これに比べて企業への救済制度は殆どない状況です。平成23年3月11日に発生した東日本大震災で、中小企業の多くが従業員や設備を失ったりして廃業に追い込まれました。また、被災の影響が少なかった企業においても、復旧が遅れて、自社の製品・サービスが供給できず、顧客離れが起こって、事業縮小や解雇という事態に立ち至ったことも多く見聞きしました。なお、企業に対しては、債権の買取をして、事業を後押しすると言うことは行われていますが、事業展開は企業次第という状況で、後押しする仕組みはありません。
緊急事態はいつ発生するか予測できません。緊急事態への備えとして、自然災害、大火災、テロ攻撃などに遭遇した場合に事業資産の損害を最小限にとどめつつ、中核となる事業の継続や早期の復旧を可能にするために、平時から、緊急時の事業継続のための方法や手段などを取り決めておく計画BCP(Business Continuity Plan )が最近注目されています。中小企業庁には参考サイトがあります。あらかじめ、優先して復旧すべき中核事業を特定しておく、緊急時の目標復旧時間の目安を決めておく、サービスレベルなどについて顧客と協議しておく、代替的な生産設備や仕入れ先なども協定してくことなど、参考となることが多いです。そして、BCPを策定している企業には、総合評価方式がとられる公共入札において加点されるというメリットもあります。
そこまでのことを?との印象をお持ちかもしれませんが、取締役会は、リスク管理体制も含めた内部統制システムについて方針決定を法律上求められています。
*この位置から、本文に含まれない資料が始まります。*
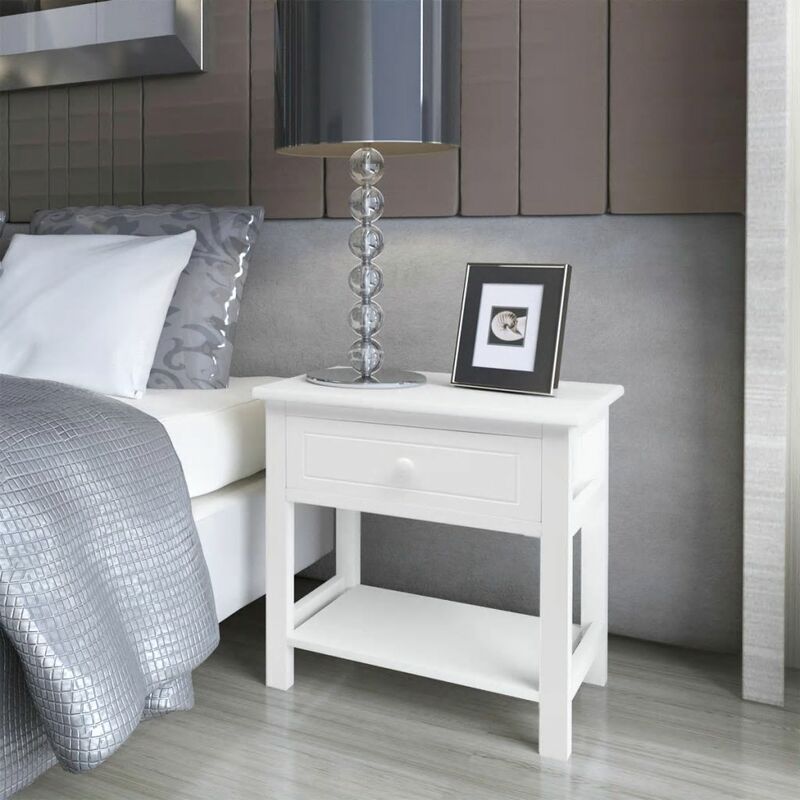 

Mesita de noche de madera blanca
従業員を帰宅困難者にしないためのルール、災害時の個人情報の取扱なども、細かいことですが、対応を求められる課題です。また、基本取引約定書などでの、災害時の対応なども、いざというときのためにどのように自社が約束しているのかなどもチェックするべきであると思います。備えあれば憂いなし!を実践したいものですが、限界をどう考えたらよいのか、法律実務家も知恵を出さなければなりません。